[Web page caption snippets]
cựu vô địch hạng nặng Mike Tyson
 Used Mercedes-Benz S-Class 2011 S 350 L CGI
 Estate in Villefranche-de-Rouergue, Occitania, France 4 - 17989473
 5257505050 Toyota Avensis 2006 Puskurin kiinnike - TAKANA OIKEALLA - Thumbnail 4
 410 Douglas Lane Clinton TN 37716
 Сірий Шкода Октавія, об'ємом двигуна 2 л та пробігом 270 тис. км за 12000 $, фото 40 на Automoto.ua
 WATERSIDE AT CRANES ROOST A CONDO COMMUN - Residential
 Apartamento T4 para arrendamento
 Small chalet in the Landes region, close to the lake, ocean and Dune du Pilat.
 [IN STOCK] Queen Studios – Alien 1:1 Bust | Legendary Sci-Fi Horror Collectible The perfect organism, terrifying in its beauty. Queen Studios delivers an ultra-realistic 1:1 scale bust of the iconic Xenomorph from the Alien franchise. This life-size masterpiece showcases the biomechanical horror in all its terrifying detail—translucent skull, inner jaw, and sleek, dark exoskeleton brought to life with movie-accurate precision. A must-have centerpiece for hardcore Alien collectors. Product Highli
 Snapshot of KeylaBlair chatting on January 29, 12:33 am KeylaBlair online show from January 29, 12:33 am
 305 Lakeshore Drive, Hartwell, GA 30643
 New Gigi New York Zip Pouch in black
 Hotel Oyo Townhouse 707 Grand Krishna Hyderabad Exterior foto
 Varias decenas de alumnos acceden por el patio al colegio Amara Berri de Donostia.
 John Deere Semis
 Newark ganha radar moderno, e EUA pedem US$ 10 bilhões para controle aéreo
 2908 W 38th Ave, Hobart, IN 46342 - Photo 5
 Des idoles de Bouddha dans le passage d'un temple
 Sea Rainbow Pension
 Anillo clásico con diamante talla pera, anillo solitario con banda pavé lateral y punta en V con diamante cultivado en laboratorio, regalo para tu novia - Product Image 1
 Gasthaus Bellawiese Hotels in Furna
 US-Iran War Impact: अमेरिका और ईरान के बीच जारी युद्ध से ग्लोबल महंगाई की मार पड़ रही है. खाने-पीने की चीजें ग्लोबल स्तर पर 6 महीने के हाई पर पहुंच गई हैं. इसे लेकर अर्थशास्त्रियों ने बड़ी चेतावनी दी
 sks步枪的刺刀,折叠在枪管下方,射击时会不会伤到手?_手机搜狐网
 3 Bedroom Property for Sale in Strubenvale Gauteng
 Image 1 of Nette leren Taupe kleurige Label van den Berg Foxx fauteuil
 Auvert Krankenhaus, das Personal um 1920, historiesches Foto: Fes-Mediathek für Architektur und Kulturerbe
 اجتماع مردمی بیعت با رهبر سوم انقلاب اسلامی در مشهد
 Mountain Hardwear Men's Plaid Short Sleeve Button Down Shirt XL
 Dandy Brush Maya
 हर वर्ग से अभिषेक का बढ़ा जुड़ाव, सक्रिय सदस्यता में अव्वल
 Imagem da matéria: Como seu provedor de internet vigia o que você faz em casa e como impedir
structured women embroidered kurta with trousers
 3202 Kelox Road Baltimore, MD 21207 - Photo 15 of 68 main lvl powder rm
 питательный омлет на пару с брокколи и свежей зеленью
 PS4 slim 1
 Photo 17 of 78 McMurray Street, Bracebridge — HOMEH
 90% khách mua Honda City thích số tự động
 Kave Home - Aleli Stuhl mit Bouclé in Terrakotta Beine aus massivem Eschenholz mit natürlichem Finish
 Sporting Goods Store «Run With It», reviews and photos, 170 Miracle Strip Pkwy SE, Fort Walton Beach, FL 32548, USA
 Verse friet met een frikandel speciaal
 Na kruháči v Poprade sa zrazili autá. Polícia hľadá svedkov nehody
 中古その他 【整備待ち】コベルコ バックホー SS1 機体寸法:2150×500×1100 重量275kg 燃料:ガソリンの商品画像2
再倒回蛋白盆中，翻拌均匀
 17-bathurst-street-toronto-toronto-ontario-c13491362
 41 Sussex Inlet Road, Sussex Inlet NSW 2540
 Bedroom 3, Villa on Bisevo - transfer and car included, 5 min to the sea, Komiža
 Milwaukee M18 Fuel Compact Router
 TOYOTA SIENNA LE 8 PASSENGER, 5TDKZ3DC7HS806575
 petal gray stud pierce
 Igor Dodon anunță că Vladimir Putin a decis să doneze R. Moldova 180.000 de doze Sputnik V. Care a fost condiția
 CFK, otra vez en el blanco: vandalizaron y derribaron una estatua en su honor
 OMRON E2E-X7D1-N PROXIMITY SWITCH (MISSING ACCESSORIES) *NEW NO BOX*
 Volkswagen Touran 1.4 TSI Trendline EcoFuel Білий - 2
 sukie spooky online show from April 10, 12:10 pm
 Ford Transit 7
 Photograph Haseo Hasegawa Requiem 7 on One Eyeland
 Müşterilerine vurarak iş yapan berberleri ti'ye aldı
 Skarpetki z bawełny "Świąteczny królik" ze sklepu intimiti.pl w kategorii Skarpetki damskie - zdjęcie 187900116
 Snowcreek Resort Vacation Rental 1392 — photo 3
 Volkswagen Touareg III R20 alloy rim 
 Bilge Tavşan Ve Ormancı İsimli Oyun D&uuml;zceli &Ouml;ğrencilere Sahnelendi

* _Your assignment_:
Scan the entries and show every line in which the word "Road" is found.

* _Output of the exercise_:
 3202 Kelox Road Baltimore, MD 21207 - Photo 15 of 68 main lvl powder rm
 41 Sussex Inlet Road, Sussex Inlet NSW 2540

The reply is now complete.